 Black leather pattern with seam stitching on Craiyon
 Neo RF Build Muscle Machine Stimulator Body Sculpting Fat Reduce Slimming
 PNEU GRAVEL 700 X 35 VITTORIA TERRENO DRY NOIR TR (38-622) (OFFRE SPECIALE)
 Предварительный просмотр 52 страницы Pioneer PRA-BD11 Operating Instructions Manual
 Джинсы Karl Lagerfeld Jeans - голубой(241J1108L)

* * *

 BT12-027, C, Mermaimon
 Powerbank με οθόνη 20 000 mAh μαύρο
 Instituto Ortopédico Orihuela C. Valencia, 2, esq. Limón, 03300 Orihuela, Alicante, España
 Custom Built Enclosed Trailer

...

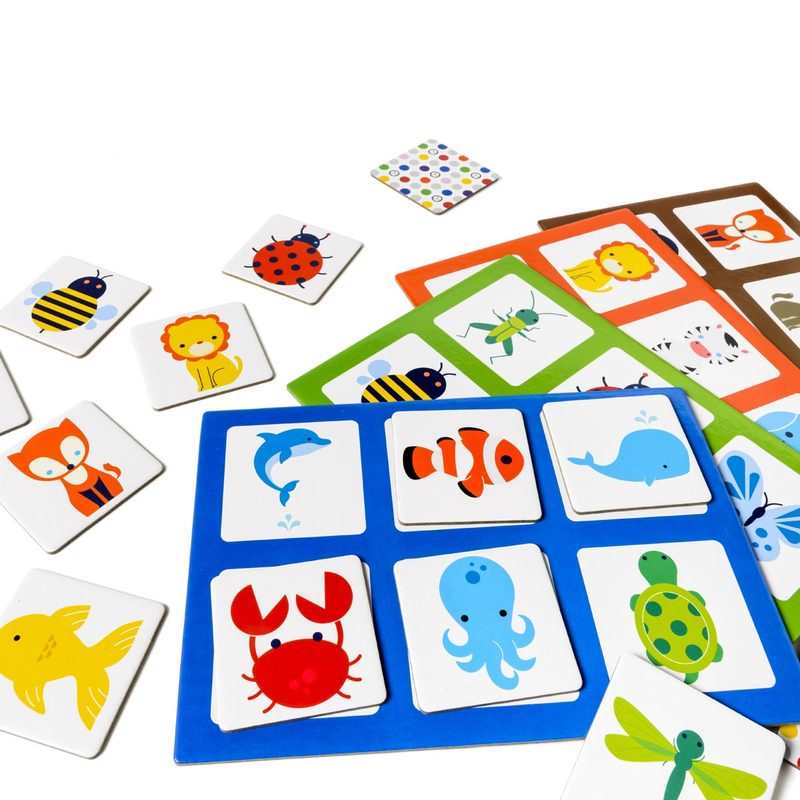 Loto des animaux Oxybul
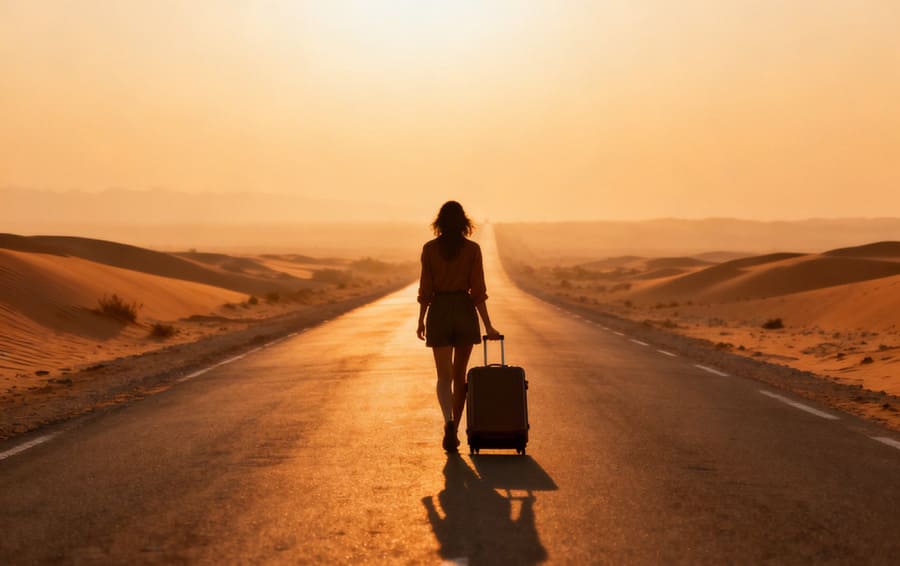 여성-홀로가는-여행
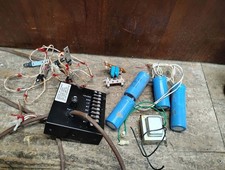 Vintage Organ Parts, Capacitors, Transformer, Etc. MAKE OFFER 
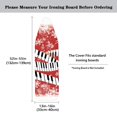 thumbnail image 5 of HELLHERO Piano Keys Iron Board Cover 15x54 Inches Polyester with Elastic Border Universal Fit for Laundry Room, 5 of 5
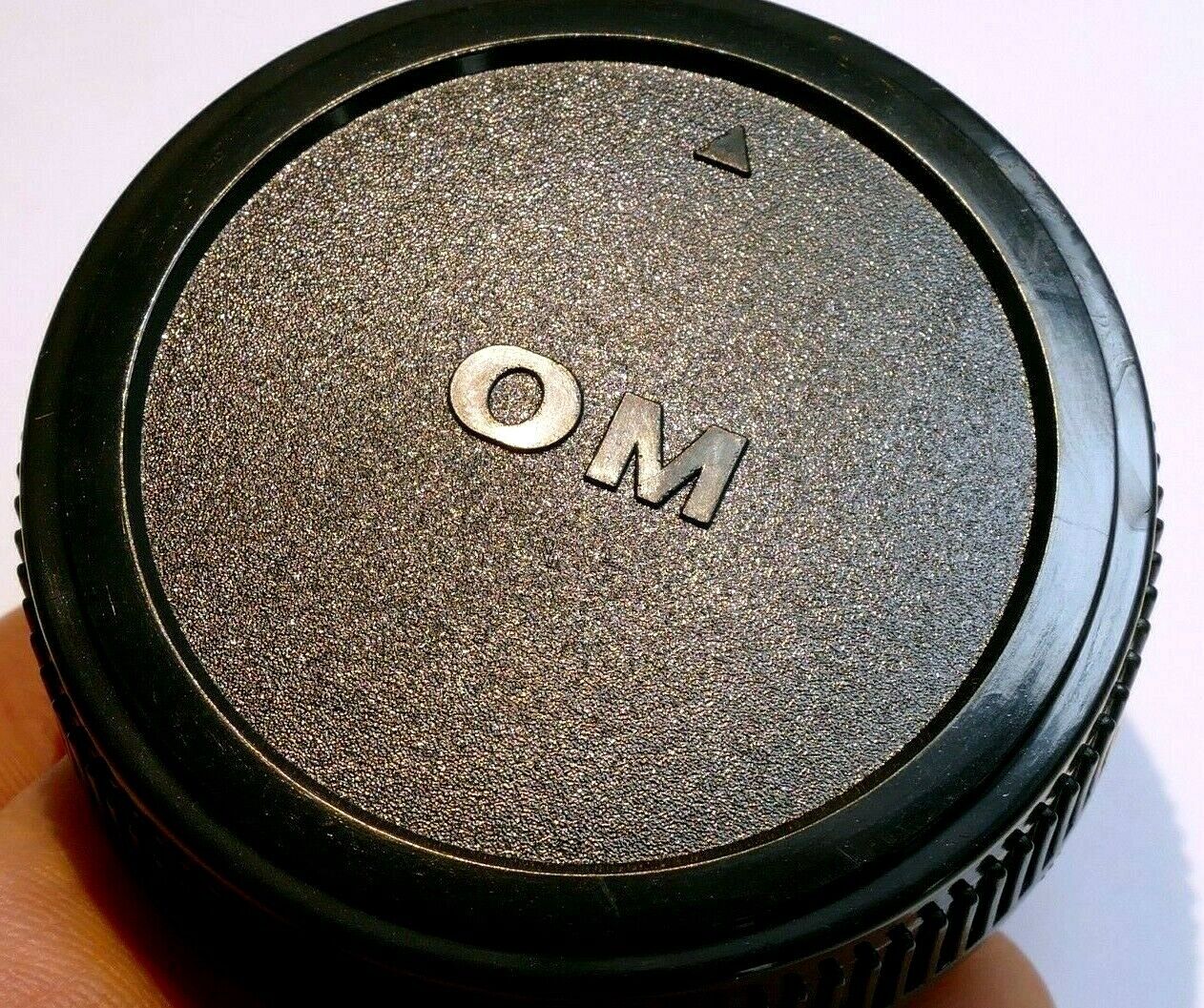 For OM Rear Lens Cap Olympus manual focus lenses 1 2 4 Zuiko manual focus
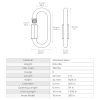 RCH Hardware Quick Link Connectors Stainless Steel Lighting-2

Your instructions: Could the stretch from the line with "Vintage Organ Parts, Capacitors, Transformer, Etc." through the line with "RCH Hardware Quick" in the listing above be restated word for word, minus the pictures?

Response below:
 Vintage Organ Parts, Capacitors, Transformer, Etc. MAKE OFFER 
 thumbnail image 5 of HELLHERO Piano Keys Iron Board Cover 15x54 Inches Polyester with Elastic Border Universal Fit for Laundry Room, 5 of 5
 For OM Rear Lens Cap Olympus manual focus lenses 1 2 4 Zuiko manual focus
 RCH Hardware Quick Link Connectors Stainless Steel Lighting-2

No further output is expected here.